Peanut Butter Cookie Candy Bars
For the Cookie Base:
- 1 box Betty Crocker Gluten Free chocolate chip cookie mix
- Butter, pure vanilla extract and egg called for on cookie mix box (I use Earth Balance Vegan Butter)
- 1 cup sugar
- 1/2 cup chocolate chips (I add more chocolate chips to the cookie mix for some extra chocolate but you do not have to)
For the Filling:
- 1/3 cup light corn syrup
- 3 tablespoons vegan butter, softened (Earth Balance)
- 3 tablespoons smooth peanut butter
- 1 tablespoon plus 1 1/2 teaspoons water
- 1 1/4 teaspoons pure vanilla extract
- Dash salt
- 3 1/2 cups powdered sugar
For the Caramel Layer:
- 1 bag caramels, unwrapped
- 2 tablespoons water
- 1 1/2 cups dry-roasted peanuts
For the Topping:
- 1 bag milk chocolate chips (2 cups)
- Heat oven to 350°F. Make cookie dough as directed on box, using vegan butter, vanilla, egg, sugar and extra chocolate chips.
- In ungreased 13 x 9-inch pan, press dough evenly. Bake 18 to 20 minutes or until light golden brown. Cool about 30 minutes.
- In large bowl, beat all filling ingredients except powdered sugar with electric mixer on medium speed until creamy and smooth.

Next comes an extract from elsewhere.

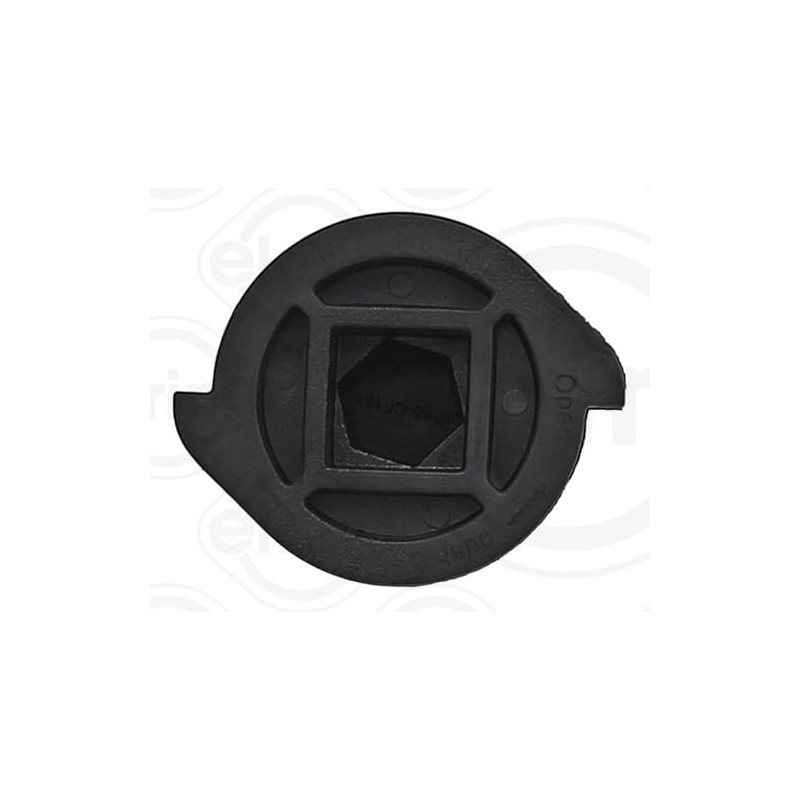 Elring 083.390 Locking Screw, Oil Pan (Pack of 1) |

Gradually beat in powdered sugar until well blended (filling will be thick).
- Press filling over cookie base.
- In medium microwavable bowl, microwave caramels and 2 tablespoons water uncovered on High 2 to 4 minutes, stirring twice, until caramels are melted. Stir in peanuts.
- Spread evenly over filling. Refrigerate about 15 minutes or until caramel layer is firm.
- In small microwavable bowl, microwave chocolate chips uncovered on High 1 to 2 minutes, stirring once, until melted.
- Spread evenly over caramel layer. Refrigerate about 1 hour or until chocolate is set.
- For bars, cut into 6 rows by 6 rows.
- Store any leftovers covered at room temperature.